→ **The problem**:
All of the data below is to be repeated exactly, except for the pictures.

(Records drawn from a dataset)
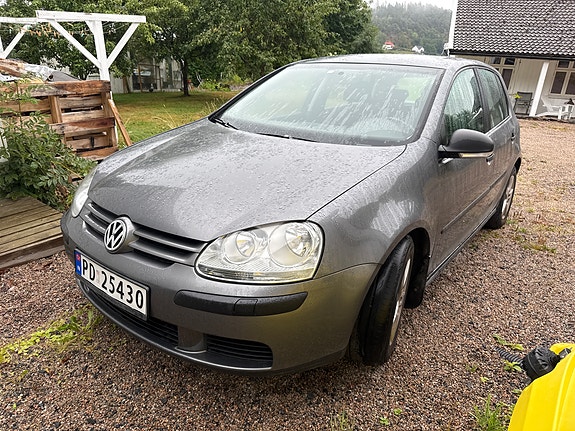 Volkswagen Golf V 2 of 5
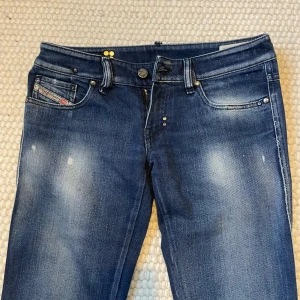 Diesel jeans💙 - Säljer ett par snygga blå jeans från Diesel. De slitna detaljer och skit cool tvätt!  Jeansen är stretchiga och bekväma. Märket Diesel syns tydligt på bakfickan. Skriv för fler frågor/bilder! 💙
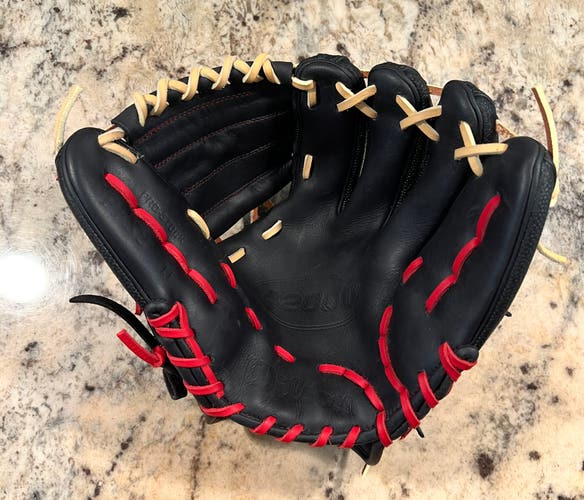 Wilson A2000 PFX2 Super Skin RHT Infield Baseball Glove 11" (Used)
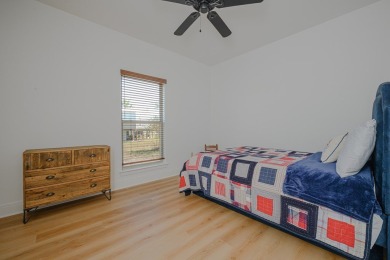 2 bedroom 2 bath townhome in the heart of Rockport with a on Rockport Country Club in Texas - for sale on GolfHomes.com, golf home, golf lot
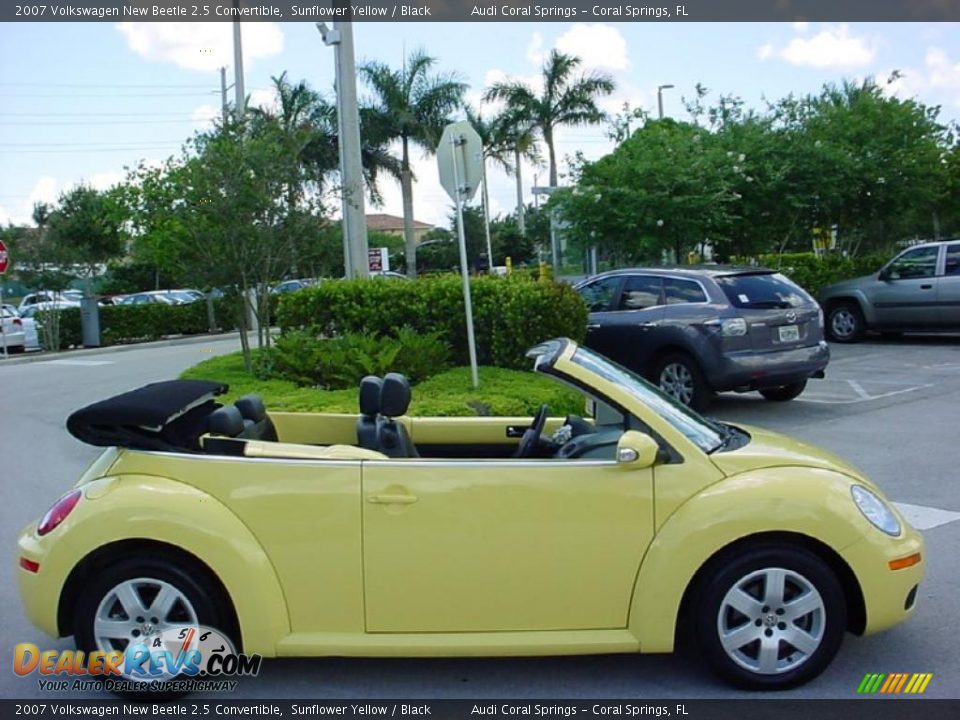 2007 Volkswagen New Beetle 2.5 Convertible Sunflower Yellow / Black Photo #7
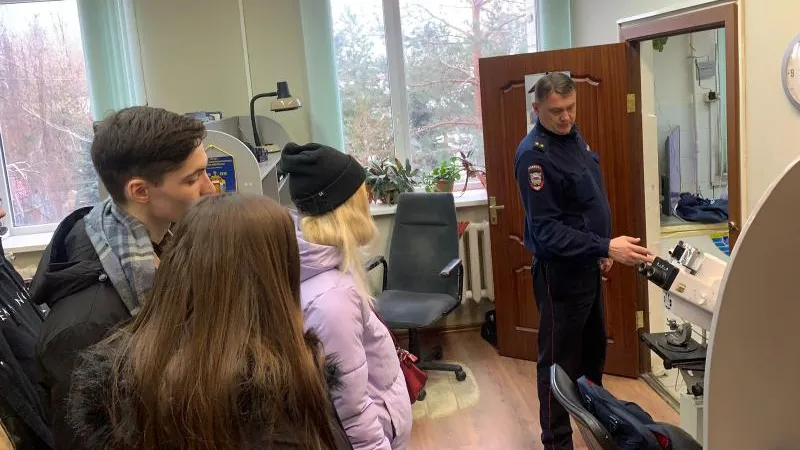 Сотрудники ОМВД России по округу Чехов рассказали студентам о службе в милиции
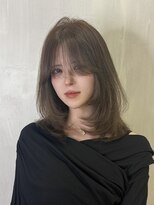 リルーム(re-room)&nbsp;柔らかく華やかなミディアムレイヤースタイル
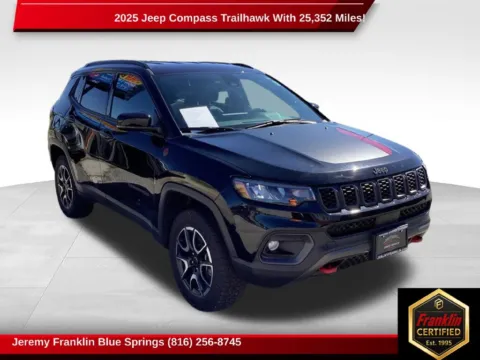 Black 2025 Jeep Compass Trailhawk for sale in Blue Springs, MO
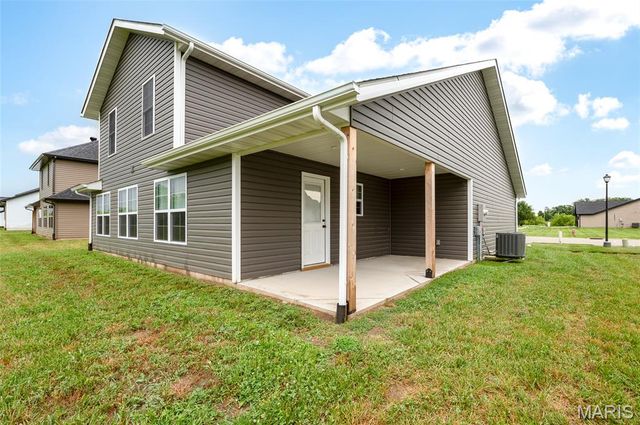 3605 Justine Drive, Pontoon Beach, IL 62040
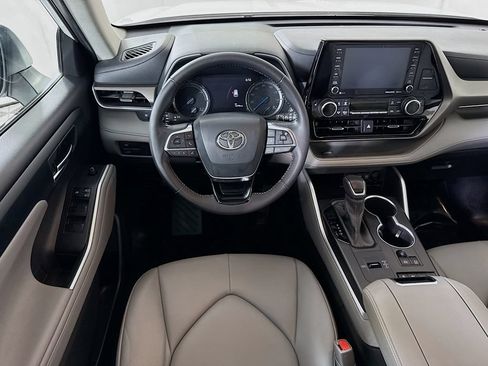 Used 2021 Toyota Highlander XLE AWD/4WD image 4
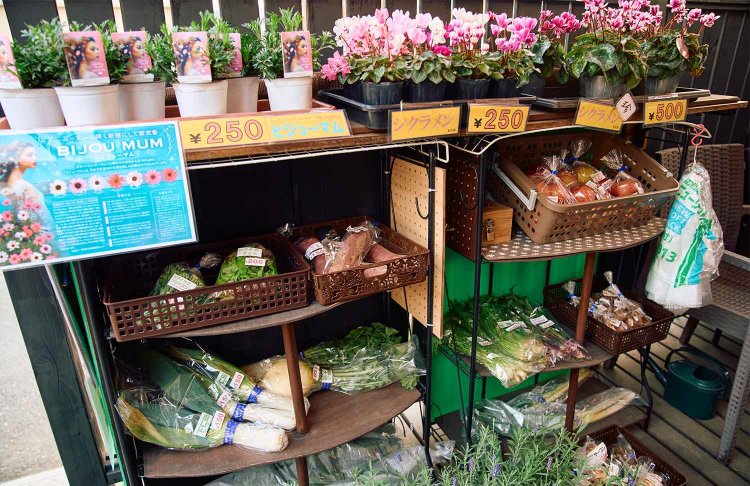 エントランスには小さな直売所も。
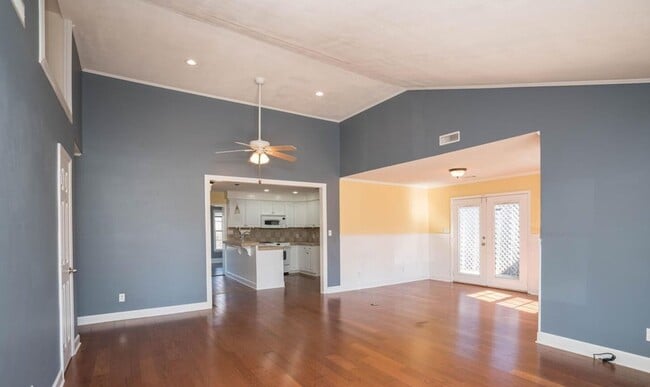 Building Photo - 3 Bedroom 2 Bathroom House With Fenced In ...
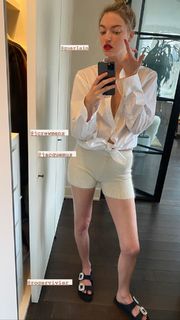 Martha Hunt feet photo thumbnail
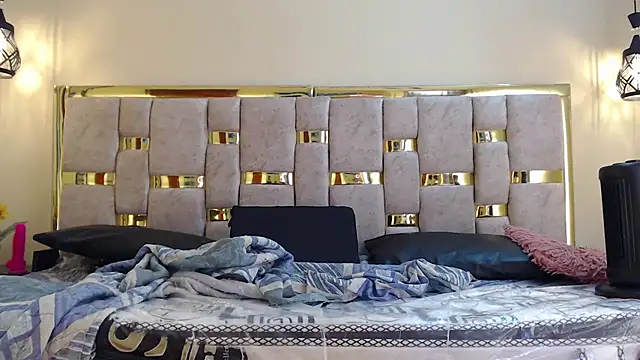 Snapshot of emily_fox_3 chatting on March 8, 2025, 6:05 pm emily fox 3 online show from March 8, 2025, 6:05 pm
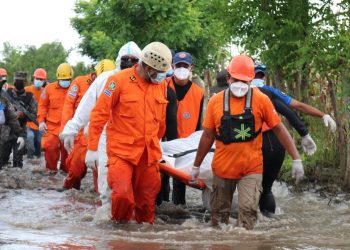 Localizan cuerpo de joven que fue arrastrado por la corriente del río Grande en Concepción Batres, Usulután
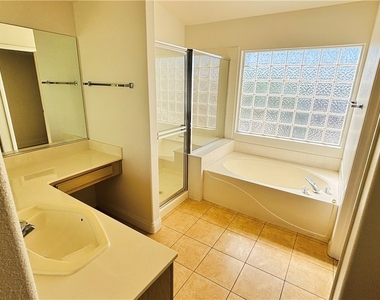 4402 Cinema Avenue - Photo Thumbnail 13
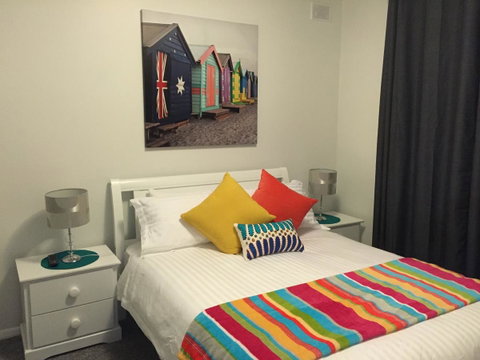 Seaview Sunset Holiday Apartments - QLD Tourism 14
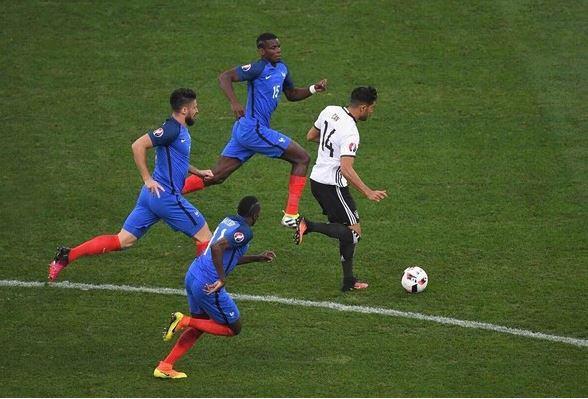 <p>Emre Can'ın EURO 2016'daki en çok konuşulan fotoğrafı da Fransa milli takımı oyuncularını peşine taktığı bu görüntü olmuştu.</p>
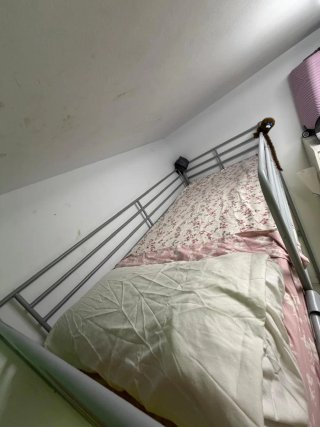 Cama alta Ikea gris con escritorio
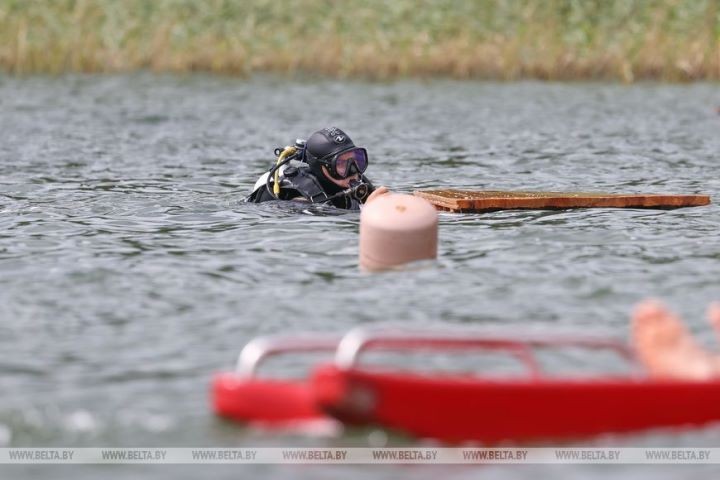 Соревнования водолазов проходят в Ивановском районе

→ **Solved exercise**:
 Volkswagen Golf V 2 of 5
 Diesel jeans💙 - Säljer ett par snygga blå jeans från Diesel. De slitna detaljer och skit cool tvätt!  Jeansen är stretchiga och bekväma. Märket Diesel syns tydligt på bakfickan. Skriv för fler frågor/bilder! 💙
 Wilson A2000 PFX2 Super Skin RHT Infield Baseball Glove 11" (Used)
 2 bedroom 2 bath townhome in the heart of Rockport with a on Rockport Country Club in Texas - for sale on GolfHomes.com, golf home, golf lot
 2007 Volkswagen New Beetle 2.5 Convertible Sunflower Yellow / Black Photo #7
 Сотрудники ОМВД России по округу Чехов рассказали студентам о службе в милиции
 リルーム(re-room)&nbsp;柔らかく華やかなミディアムレイヤースタイル
 Black 2025 Jeep Compass Trailhawk for sale in Blue Springs, MO
 3605 Justine Drive, Pontoon Beach, IL 62040
 Used 2021 Toyota Highlander XLE AWD/4WD image 4
 エントランスには小さな直売所も。
 Building Photo - 3 Bedroom 2 Bathroom House With Fenced In ...
 Martha Hunt feet photo thumbnail
 Snapshot of emily_fox_3 chatting on March 8, 2025, 6:05 pm emily fox 3 online show from March 8, 2025, 6:05 pm
 Localizan cuerpo de joven que fue arrastrado por la corriente del río Grande en Concepción Batres, Usulután
 4402 Cinema Avenue - Photo Thumbnail 13
 Seaview Sunset Holiday Apartments - QLD Tourism 14
 <p>Emre Can'ın EURO 2016'daki en çok konuşulan fotoğrafı da Fransa milli takımı oyuncularını peşine taktığı bu görüntü olmuştu.</p>
 Cama alta Ikea gris con escritorio
 Соревнования водолазов проходят в Ивановском районе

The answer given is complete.